Change the data type of a column within a query using the `column::datatype` syntax.

```sql
SELECT product_id,
  model,
  year::TEXT,
  product_type,
  base_msrp,
  production_start_date,
  production_end_date
FROM products;
```

---

## The DISTINCT and DISTINCT ON Functions

I already have a pretty good grasp of distinct, though I don't think I knew that it can be used on multiple columns to get all of the distinct column combinations.

```sql
SELECT DISTINCT year, product_type
FROM products
ORDER BY 1, 2;
```

The related keyword `DISTINCT ON` ensures that only one row is returned and one or more columns are always unique in the set.
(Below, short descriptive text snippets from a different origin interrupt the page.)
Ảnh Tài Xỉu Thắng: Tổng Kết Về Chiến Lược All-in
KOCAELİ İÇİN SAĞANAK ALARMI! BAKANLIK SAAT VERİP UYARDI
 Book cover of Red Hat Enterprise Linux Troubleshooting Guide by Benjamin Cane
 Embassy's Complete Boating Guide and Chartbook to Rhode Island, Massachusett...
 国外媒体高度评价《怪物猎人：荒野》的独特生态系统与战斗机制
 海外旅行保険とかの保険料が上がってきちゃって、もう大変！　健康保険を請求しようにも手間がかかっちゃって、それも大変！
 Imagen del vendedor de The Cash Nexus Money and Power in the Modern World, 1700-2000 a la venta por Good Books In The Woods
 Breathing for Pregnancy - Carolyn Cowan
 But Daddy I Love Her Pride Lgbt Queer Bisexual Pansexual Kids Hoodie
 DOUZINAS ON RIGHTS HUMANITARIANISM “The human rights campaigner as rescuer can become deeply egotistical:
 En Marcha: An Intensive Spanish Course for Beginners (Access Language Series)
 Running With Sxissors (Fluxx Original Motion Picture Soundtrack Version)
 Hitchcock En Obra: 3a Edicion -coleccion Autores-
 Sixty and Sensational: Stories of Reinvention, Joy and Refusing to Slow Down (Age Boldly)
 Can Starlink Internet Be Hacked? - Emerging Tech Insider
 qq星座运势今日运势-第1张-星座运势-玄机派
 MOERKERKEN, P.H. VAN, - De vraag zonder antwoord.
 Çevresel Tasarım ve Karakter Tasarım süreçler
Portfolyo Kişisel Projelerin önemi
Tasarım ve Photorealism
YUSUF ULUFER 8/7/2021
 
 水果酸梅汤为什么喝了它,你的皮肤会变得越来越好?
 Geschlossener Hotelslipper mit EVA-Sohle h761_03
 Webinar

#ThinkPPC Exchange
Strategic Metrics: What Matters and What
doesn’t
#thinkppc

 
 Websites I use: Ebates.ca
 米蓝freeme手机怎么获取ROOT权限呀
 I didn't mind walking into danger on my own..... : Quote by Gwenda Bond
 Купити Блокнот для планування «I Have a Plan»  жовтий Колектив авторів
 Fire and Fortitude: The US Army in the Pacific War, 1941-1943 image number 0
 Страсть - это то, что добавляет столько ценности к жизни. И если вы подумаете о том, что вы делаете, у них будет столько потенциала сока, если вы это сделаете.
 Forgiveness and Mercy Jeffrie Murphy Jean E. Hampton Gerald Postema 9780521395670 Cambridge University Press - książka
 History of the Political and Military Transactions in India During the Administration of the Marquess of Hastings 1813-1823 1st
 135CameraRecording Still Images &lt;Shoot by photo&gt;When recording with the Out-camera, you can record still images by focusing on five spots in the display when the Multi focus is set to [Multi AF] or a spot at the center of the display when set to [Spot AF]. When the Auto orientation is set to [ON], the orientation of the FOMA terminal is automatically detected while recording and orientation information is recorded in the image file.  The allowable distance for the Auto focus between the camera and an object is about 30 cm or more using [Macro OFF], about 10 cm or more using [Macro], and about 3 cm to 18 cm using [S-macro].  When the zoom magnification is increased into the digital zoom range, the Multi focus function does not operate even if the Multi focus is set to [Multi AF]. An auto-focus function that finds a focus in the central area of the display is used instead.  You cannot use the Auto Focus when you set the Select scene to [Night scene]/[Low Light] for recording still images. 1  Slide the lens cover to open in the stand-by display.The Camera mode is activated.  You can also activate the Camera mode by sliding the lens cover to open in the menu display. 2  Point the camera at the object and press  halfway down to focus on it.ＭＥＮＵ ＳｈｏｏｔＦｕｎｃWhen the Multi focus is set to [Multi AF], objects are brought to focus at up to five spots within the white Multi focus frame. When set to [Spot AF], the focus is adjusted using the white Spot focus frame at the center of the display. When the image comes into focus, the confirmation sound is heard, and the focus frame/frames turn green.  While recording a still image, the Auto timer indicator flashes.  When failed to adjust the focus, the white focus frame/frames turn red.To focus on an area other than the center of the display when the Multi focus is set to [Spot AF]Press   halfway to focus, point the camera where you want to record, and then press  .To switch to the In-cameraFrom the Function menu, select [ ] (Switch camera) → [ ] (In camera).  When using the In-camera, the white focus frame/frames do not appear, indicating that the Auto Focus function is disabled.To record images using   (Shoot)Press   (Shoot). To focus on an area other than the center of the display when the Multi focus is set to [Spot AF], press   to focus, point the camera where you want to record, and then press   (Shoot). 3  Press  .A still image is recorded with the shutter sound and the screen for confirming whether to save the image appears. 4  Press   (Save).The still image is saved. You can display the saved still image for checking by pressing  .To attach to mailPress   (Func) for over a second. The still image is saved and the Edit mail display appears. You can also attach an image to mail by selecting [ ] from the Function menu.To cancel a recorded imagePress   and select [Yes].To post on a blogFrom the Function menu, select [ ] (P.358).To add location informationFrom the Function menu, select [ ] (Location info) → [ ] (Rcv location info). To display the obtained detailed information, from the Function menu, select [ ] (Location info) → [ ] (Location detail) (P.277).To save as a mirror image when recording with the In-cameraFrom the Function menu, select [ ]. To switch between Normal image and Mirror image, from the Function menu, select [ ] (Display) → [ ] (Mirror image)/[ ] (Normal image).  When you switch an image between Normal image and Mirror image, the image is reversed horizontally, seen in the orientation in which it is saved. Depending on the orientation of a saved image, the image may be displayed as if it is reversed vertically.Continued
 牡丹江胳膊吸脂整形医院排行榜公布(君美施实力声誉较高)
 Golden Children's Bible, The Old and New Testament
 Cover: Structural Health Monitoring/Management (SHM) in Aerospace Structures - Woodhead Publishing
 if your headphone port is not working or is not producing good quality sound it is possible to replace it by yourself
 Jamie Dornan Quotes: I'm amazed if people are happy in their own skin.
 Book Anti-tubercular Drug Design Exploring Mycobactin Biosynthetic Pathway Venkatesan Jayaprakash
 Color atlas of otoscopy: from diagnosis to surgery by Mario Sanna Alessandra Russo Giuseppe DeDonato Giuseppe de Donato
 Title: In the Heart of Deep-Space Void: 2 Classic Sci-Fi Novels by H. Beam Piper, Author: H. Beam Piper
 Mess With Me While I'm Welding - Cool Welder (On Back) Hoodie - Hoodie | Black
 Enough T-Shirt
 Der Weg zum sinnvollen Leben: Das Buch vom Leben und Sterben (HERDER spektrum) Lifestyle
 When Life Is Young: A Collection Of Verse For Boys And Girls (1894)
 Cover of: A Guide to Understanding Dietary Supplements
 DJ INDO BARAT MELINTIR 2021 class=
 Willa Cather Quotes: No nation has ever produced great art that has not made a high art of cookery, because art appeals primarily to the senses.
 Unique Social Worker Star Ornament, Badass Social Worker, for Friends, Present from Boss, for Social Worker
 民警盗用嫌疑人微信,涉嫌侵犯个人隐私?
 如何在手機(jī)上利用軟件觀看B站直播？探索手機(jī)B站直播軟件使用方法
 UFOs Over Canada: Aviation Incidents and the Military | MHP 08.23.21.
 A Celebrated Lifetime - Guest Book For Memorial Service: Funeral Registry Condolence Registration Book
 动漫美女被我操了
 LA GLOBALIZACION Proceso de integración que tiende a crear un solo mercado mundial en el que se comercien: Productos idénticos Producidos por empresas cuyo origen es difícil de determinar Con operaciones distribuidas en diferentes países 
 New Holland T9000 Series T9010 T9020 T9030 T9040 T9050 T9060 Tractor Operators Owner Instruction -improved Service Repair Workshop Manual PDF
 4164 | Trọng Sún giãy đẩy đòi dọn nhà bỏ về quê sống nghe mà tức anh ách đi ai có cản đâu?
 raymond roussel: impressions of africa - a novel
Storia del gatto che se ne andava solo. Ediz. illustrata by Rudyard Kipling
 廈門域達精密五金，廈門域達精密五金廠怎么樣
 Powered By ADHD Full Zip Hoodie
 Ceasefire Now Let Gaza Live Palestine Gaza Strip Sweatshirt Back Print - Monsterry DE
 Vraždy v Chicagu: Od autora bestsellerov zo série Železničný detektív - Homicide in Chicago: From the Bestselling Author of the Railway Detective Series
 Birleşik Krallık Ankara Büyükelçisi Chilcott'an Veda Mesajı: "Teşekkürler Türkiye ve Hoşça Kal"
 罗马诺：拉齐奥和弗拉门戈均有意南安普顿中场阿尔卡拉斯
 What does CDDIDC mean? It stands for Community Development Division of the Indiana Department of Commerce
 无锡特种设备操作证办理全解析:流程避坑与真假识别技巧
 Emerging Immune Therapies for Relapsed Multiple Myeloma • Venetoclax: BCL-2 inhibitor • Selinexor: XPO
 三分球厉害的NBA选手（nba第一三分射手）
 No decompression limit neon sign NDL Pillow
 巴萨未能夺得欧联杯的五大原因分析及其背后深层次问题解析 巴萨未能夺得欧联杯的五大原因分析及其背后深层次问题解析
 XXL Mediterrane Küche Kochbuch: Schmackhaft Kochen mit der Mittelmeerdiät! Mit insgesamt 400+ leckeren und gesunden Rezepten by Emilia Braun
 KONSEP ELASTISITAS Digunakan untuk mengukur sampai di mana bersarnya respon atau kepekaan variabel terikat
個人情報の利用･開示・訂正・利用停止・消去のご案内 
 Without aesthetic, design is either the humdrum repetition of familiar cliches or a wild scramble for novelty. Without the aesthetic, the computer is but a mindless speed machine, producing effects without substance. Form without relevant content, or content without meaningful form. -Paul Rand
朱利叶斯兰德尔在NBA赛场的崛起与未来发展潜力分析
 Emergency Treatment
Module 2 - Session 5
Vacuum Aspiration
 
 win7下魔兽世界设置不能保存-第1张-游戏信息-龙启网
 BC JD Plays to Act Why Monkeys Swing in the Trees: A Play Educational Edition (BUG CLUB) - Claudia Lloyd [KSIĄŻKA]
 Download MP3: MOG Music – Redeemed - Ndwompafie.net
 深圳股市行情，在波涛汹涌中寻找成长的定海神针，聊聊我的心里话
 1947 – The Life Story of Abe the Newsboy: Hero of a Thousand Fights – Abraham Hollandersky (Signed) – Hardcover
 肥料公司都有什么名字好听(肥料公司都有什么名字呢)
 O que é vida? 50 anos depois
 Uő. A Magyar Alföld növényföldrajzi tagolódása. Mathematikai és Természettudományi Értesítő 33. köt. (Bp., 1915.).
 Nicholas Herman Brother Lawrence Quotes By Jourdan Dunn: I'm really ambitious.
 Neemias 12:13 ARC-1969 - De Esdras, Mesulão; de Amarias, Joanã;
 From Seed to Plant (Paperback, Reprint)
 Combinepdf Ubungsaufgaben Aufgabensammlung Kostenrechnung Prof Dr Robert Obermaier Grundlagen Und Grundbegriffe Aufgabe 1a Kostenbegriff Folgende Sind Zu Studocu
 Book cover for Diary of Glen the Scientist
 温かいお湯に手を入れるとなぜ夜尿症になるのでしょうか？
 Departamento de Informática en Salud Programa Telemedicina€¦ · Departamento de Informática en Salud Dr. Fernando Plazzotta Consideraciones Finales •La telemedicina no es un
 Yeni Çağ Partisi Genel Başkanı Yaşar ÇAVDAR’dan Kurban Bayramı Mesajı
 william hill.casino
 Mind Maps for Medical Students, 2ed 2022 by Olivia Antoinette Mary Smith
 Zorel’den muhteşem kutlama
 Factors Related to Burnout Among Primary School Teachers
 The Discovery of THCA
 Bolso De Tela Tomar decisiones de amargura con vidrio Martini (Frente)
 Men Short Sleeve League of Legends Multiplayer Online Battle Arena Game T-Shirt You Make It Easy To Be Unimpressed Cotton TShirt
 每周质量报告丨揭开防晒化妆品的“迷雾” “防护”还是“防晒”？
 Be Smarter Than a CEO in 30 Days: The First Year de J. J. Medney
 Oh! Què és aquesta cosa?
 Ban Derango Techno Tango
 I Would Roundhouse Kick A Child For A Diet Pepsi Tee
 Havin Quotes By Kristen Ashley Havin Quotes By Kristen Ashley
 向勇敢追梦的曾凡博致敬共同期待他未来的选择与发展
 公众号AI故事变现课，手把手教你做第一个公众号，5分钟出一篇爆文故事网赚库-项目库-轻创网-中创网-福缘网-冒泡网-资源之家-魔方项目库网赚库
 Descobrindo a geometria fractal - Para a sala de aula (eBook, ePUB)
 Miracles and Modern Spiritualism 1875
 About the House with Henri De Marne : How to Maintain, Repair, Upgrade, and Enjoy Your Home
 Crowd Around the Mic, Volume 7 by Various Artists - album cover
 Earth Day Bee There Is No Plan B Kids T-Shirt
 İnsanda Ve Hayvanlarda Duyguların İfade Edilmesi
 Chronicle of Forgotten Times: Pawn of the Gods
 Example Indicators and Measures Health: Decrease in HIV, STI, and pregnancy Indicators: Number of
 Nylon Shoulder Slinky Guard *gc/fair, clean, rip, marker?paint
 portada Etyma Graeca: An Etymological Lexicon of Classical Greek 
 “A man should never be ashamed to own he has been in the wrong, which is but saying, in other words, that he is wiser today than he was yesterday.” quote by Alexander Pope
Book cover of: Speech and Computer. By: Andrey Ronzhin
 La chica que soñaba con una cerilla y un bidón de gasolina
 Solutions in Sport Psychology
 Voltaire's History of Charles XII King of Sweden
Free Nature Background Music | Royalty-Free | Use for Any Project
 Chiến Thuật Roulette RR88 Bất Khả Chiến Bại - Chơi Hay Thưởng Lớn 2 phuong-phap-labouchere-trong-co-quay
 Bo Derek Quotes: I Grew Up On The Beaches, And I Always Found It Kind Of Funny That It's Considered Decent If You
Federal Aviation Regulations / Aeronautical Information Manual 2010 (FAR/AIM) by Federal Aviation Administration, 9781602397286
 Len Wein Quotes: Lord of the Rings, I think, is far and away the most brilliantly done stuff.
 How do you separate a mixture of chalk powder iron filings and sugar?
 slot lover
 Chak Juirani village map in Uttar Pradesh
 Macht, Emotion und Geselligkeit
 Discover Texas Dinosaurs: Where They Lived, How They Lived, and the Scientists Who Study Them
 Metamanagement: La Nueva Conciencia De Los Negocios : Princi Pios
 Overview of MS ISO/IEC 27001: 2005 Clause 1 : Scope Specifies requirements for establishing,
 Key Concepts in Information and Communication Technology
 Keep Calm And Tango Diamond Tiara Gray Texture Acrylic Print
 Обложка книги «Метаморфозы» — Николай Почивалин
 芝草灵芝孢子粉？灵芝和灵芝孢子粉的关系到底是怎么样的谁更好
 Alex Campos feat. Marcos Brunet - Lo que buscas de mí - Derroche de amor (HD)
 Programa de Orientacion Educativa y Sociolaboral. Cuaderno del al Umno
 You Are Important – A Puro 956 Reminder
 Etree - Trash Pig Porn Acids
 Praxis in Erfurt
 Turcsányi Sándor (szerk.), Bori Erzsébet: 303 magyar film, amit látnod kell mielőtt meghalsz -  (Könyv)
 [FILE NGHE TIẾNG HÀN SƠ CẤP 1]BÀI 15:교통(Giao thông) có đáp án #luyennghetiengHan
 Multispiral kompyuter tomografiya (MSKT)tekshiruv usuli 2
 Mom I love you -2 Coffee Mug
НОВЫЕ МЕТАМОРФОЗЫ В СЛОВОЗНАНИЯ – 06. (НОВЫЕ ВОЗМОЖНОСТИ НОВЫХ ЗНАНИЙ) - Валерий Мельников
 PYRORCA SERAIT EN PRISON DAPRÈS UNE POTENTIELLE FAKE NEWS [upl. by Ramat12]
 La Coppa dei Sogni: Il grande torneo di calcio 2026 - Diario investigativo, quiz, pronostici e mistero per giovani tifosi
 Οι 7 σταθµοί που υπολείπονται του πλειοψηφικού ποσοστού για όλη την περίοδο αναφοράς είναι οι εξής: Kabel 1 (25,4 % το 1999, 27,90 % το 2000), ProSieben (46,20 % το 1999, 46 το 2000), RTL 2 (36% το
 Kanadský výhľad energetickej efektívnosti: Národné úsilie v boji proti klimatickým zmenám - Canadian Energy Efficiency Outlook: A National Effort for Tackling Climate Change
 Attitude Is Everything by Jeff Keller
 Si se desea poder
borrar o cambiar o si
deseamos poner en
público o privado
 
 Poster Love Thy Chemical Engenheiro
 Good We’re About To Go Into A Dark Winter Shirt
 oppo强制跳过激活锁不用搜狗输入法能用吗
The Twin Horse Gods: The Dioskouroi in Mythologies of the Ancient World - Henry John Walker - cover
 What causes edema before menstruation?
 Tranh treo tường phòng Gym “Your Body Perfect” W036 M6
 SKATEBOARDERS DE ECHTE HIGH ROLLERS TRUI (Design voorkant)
This example selects salespeople with unique first names, and if there are two identical first names, the one who was hired first will be returned.

```sql
SELECT DISTINCT ON (first_name)
*
FROM salespeople
ORDER BY first_name, hire_date;
```

---
---

## Activity 2.02: Building a Sales Model Using SQL Techniques

In this activity, we will clean and prepare our data for analysis using SQL techniques. The data science team wants to build a new model to help predict which customers are the best prospects for remarketing. A new data scientist has joined their team and does not know the database well enough to pull a dataset for this new model. The responsibility has fallen to you to help the new data scientist prepare and build a dataset to be used to train a model. Write a query to assemble a dataset. Here are the steps to perform:

1. Open a SQL client and connect to the database.
2. Use `INNER JOIN` to join the `customers` table to the `sales` table.
3. Use `INNER JOIN` to join the `products` table to the `sales` table.
4. Use `LEFT JOIN` to join the `dealerships` table to the `sales` table.
5. Now, return all columns of the `customers` table and the `products` table.
6. Then, return the `dealership_id` column from the `sales` table, but fill in `dealership_id` in `sales` with `-1` if it is `NULL`.
7. Add a column called `high_savings` that returns `1` if the sales amount was `500` less than `base_msrp` or lower. Otherwise, it returns `0`.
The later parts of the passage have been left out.